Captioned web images
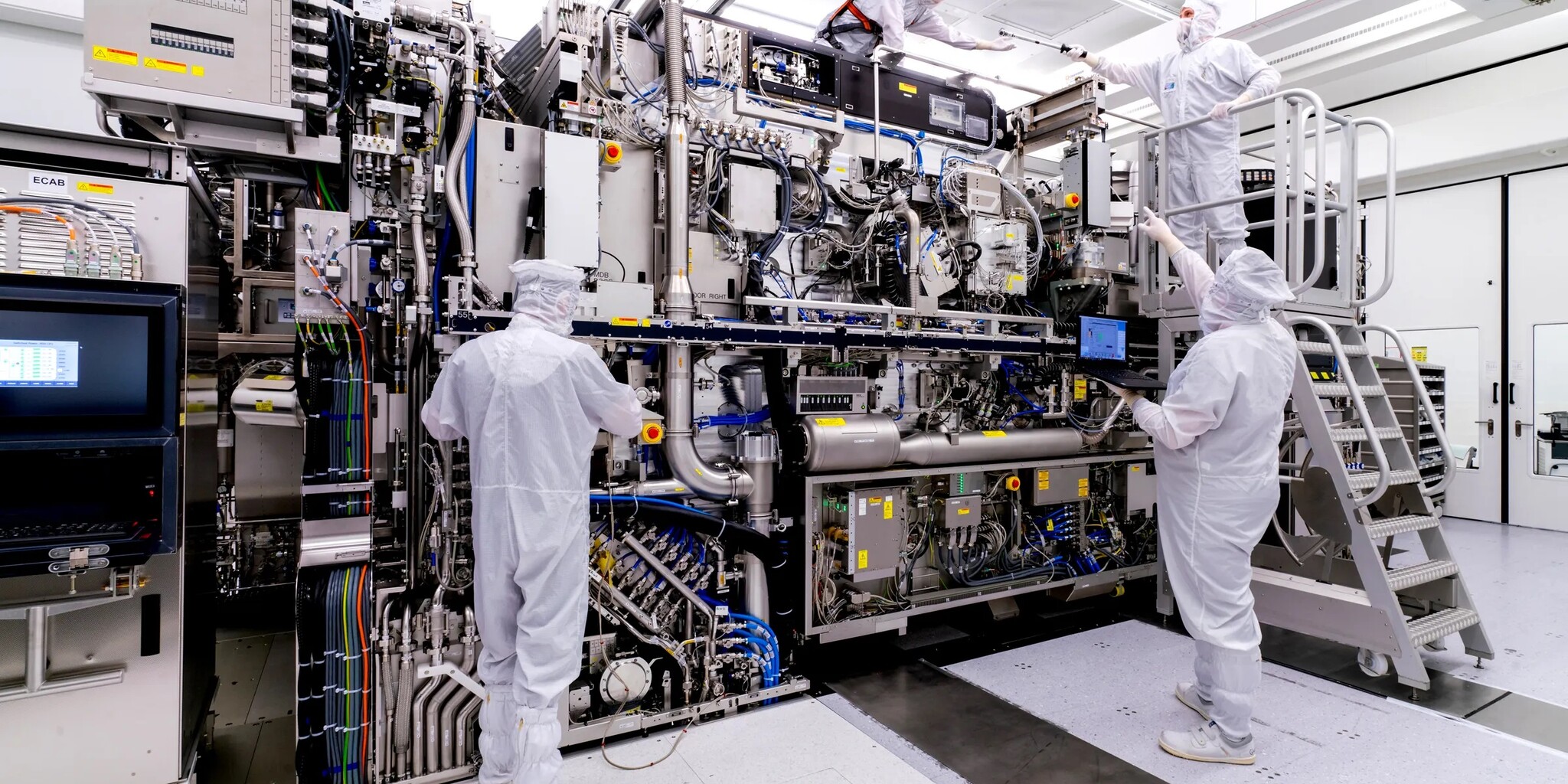 Chippánik: az ASML kinőtte Hollandiát, ez egyben politikai krízis is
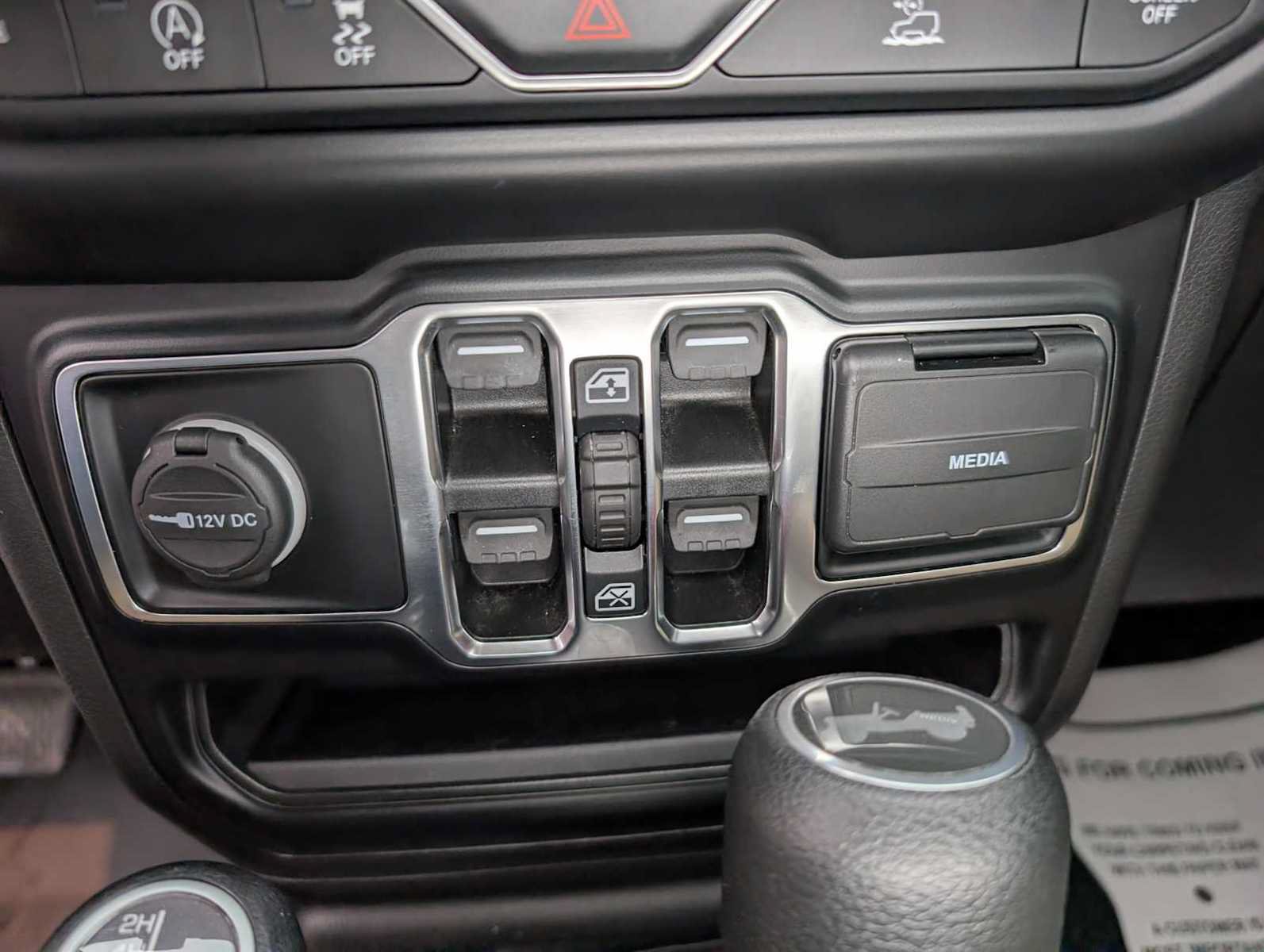 Used 2022 Jeep Wrangler Unlimited Sport AWD/4WD image 32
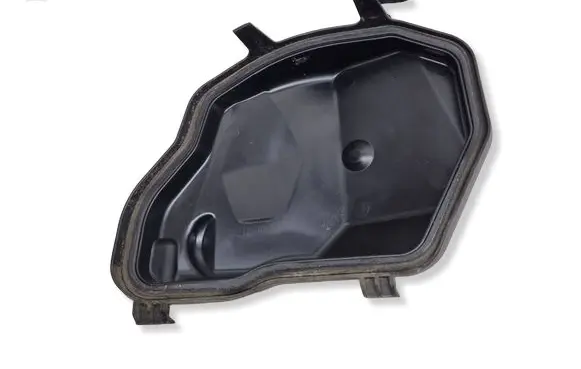 BMW 5 E60 E61 Headlight/headlamp dust cover 16451500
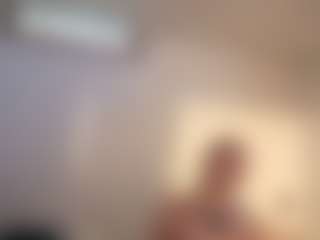 Live cam show with Deathangel332 - Body Massage on friskycurves.com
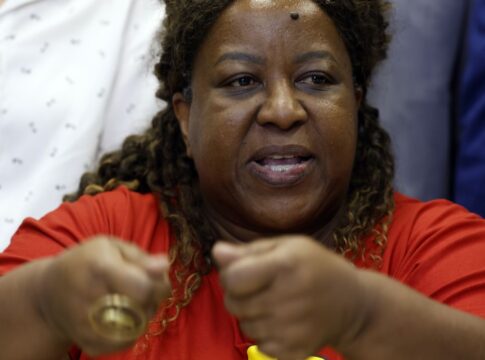 ministra-quer-pericia-independente-apos-reuniao-com-familias-no-rio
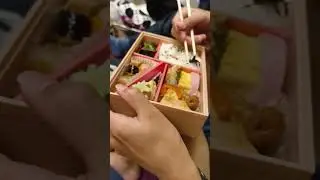 enjoy sumo at the boxed seat in Japan. lots of good food too. #sumo #相撲 #japantrip #japantravels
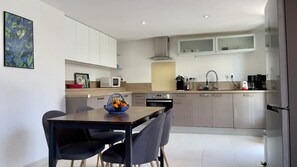 Microwave, dishwasher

_YOUR ASSIGNMENT_.
Every line from the one containing "Used 2022 Jeep" to the final line of the records should be duplicated exactly; no picture is to be copied.

_EXPECTED ANSWER_.
 Used 2022 Jeep Wrangler Unlimited Sport AWD/4WD image 32
 BMW 5 E60 E61 Headlight/headlamp dust cover 16451500
 Live cam show with Deathangel332 - Body Massage on friskycurves.com
 ministra-quer-pericia-independente-apos-reuniao-com-familias-no-rio
 enjoy sumo at the boxed seat in Japan. lots of good food too. #sumo #相撲 #japantrip #japantravels
 Microwave, dishwasher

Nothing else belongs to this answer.